The history of nuclear weapons testing and nuclear facilities in Kazakhstan is an interesting one.

Kazakhstan inherited nuclear-tipped missiles, a nuclear weapon test site, and biological and chemical weapon production facilities when the Soviet Union collapsed.
Although they dismantled and destroyed Soviet weapons systems and facilities left on its territory, and signed major international nonproliferation treaties, could it not be that something has been left over from that era to affect or harm the land, animals, and people?
And it would seem uranium mining hasn’t slowed for Kazakhstan:

In July 2006 Russia and Kazakhstan (Kazatomprom) signed three 50:50 nuclear joint venture agreements totaling US$ 10 billion for new nuclear reactors, uranium production and enrichment. In April 2007 a number of high-level agreements on energy cooperation were signed with Japan. These included some relating to uranium supply to Japan, and technical assistance to Kazakhstan in relation to fuel cycle developments and nuclear reactor construction.

In 2009 it became the world’s leading uranium producer, with almost 28% of world production. Source


Kazakhstani Facilities Map. Center For NonProliferation Studies


Karaoba, Kazakhstan. Area where thousands of Saiga were reported dead in May 2010.


All this does not begin to explain the presence of a ’grey fog’ that accompanied the deaths. Has this type of thing happened before? Absolutely:

THE SHEEP INCIDENT

Scott Cianciosi writes:

“It was half past midnight on March 17th, 1968. Keith Smart, the director of epidemiology and ecology at Utah’s Dugway Proving Grounds, was awakened by the ringing of a phone. On the other end was Dr. Bode, a professor at the University of Utah, and the director of the school’s contract with Dugway. There was a problem. Calls had been coming in. About 27 miles outside of the base, in the aptly-named Skull Valley, thousands of sheep had suddenly died. There were some survivors among the flocks, but it was clear that their hours were numbered. Veterinarians were dispatched to euthanize the few remaining animals.
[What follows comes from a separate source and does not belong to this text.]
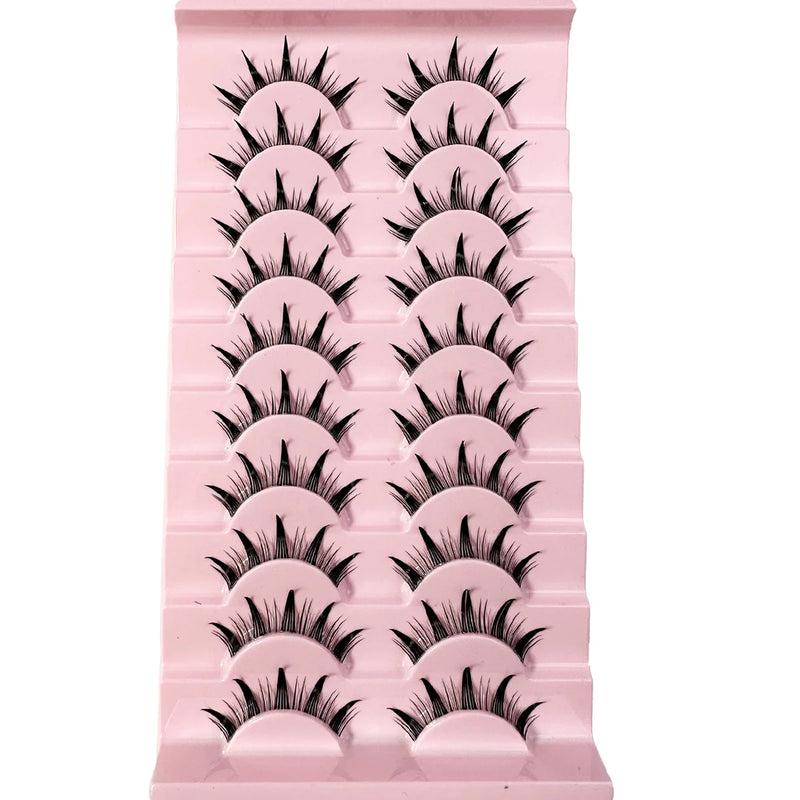 New 14/10/7/5Pairs Manga Lashes Natural Eyelashes Soft Cross Wispy Clear Band False Eyelashes Doll Eyes Lashes Cosplay Extension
Army officials began drafting their official denial. A few days earlier, one of their planes had flown high over the Utah desert at Dugway with a bellyful of nerve agent. The plane’s mission was simple: using a specially rigged delivery system, it was to fly to a specific set of coordinates and spray its payload over a remote section of the Utah desert. This test was a small part of the ongoing chemical and biological weapons research at Dugway, and it was one of three tests held that particular day. The flight would soon prove to be far more important than anyone could have guessed at the time…”


Some of Ray Peck’s dead sheep. (Credit: Deseret News).
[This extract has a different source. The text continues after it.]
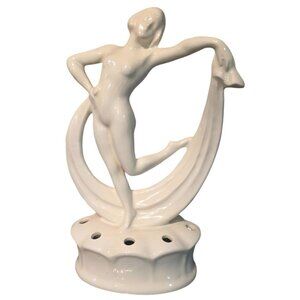 Antique Flower Frog Ceramic Dancing Lady Figurine 8.5" Tall Glossy Ivory‎ READ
“Skull Valley resident Ray Peck was working in his yard the evening after the tests, but retired early after developing an earache. The next morning the ground outside his home was littered with dead birds, and he watched as a dying rabbit struggled in the distance. A helicopter touched down soon after and unleashed its cargo of equipment and scientists upon the confused family. They quickly collected wildlife carcasses, performed blood tests on the Pecks, and departed. Though they suffered no fatalities from their exposure, the family complained of numerous ailments in the years following the tests. Ray Peck said he began suffering from violent headaches, numbness and paranoia. His daughters — children at the time of the incident — experienced an unusually high rate of miscarriage in their adult years.”

Read the full article at: DamnInteresting.com

In what is a tragic and maddening story known as the “Dugway Sheep Incident”, the US army covered up and denied the biological and chemical agents testing that resulted in mass deaths not unlike what seems to have occurred in western Kazakhstan.

Though these are simply theories as to what may have been the triggering event that caused these hapless saiga to fall so quickly and in such high numbers, at least they are raising potentials as to the cause of the incident.

The mainstream seems overly focused on the unfortunate ’critically endangered’ status of the saiga and their herd statistics, while not speculating on why or how the investigators are ’stumped’ by this recent event.

And while the explanation may never be revealed, it behooves us to continue to push for answers so as to prevent this type of calamity from happening again.